Problem statement = Reproduce the data that follows character for character, but omit its pictures.

Material provided =

###

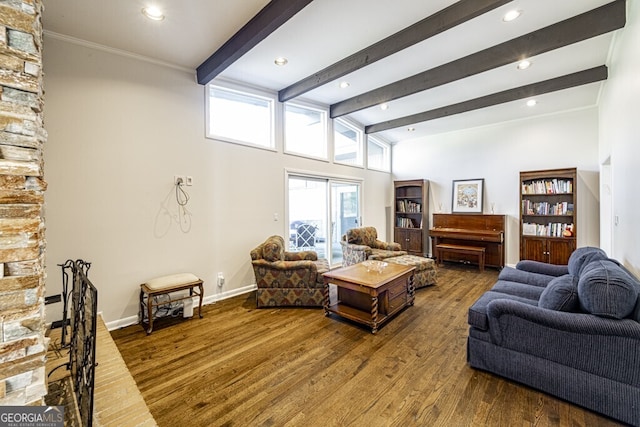 living room with vaulted ceiling with beams, crown molding, and dark wood-type flooring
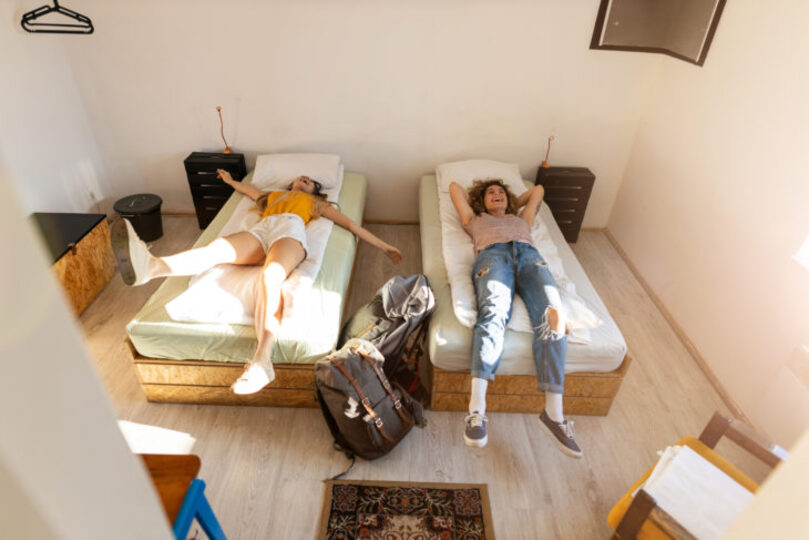 two girls moving into their dorm room, view from above them looking down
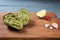 Guacamole sauce in peel from avocado with ingredients on a wooden background. Healthy eating Vegetarian food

###

Solution for this task =
 living room with vaulted ceiling with beams, crown molding, and dark wood-type flooring
 two girls moving into their dorm room, view from above them looking down
 Guacamole sauce in peel from avocado with ingredients on a wooden background. Healthy eating Vegetarian food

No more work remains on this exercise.